Il paraîtrait que c’est le président de la République qui a « convaincu » Melle Dati d’interjeter appel, hier, de cette décision scandaleuse. Une décision intervenue… début avril. À cause de son caractère inacceptable en principe ? Non bien sûr, sinon il n’aurait pas tant attendu ; seulement parce que notre Caligula a sans doute compris que la position de sa ministre était en train de lever une vague d’indignation dans l’opinion. C’est dire l’absence totale de cohérence de ce gouvernement de réactionnaires et d’irresponsables, de ce ramassis hétéroclite d’amateurs, d’incapables et d'apprentis-sorciers. Mais dans quel pays sommes-nous au juste, où il faut que le président sermonne sa créature pour la ramener au simple bon sens ?! Où il faudrait arguer, pour protéger les jeunes filles du mariage forcé, de leur « faute » antérieure audit mariage. Mais Melle Dati se rend-elle compte de la monstruosité de cet argument ?! des monstruosités auxquelles ce jugement ouvre la voie ?! Melle Dati, pendant qu’elle y est, n’envisagerait-elle pas de rétablir les lois de Vichy sur l’adultère ?
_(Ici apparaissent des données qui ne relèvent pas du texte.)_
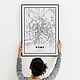 Постер карта Рима 50 х 70 см. Плакаты и постеры. Parma Design. Интернет-магазин Ярмарка Мастеров.  Фото №2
Voilà donc une péronnelle qui a menti sur ses titres universitaires avant d’accéder à LA fonction qui, entre toutes, dans la République, devrait requérir la plus scrupuleuse honnêteté ; voilà une ambitieuse dont l’ascension ne doit rien aux compétences ni à l’expérience, mais tout à la faveur du prince, ou plutôt de l’ex-épouse du prince ; voilà une jeune femme qui compense son défaut d’autorité naturelle par une caricature de l’autoritarisme de son patron, qui est incapable de garder ses collaborateurs et encore plus de diriger ou d’inspirer le respect au grand corps judiciaire à la tête duquel l’a placée Caligula ; voilà une parfaite représentante du bling-bling sarkozien qui s’affiche dans les magazines en top model habillée par des grands couturiers alors qu’elle a à gérer les prisons les plus scandaleusement médiévales d’Europe occidentale ; voilà une femme politique qui n’a ni le moindre sens de la décence, ni la compétence, qui s’attaque un jour à la non rétroactivité de la loi pénale, fondement de tout État de droit, qui se montre en dessous de tout dans le débat technique majeur que suppose une révision constitutionnelle, provoquant le mépris à peine voilé des députés et de leur président, et qui fait appel d’une décision tout en continuant à la justifier, non sur le principe, ce qui est le rôle du garde des Sceaux, mais sur des questions d’opportunité, c’est-à-dire avec des arguments totalement étrangers, justement, à ce qu’est le droit, comble de l’absurde pour un Garde des Sceaux !

Malaise ! Haut-le-cœur ! Nausée ! Révolte ! Je le dis tout net : Melle Dati me dégoûte !!!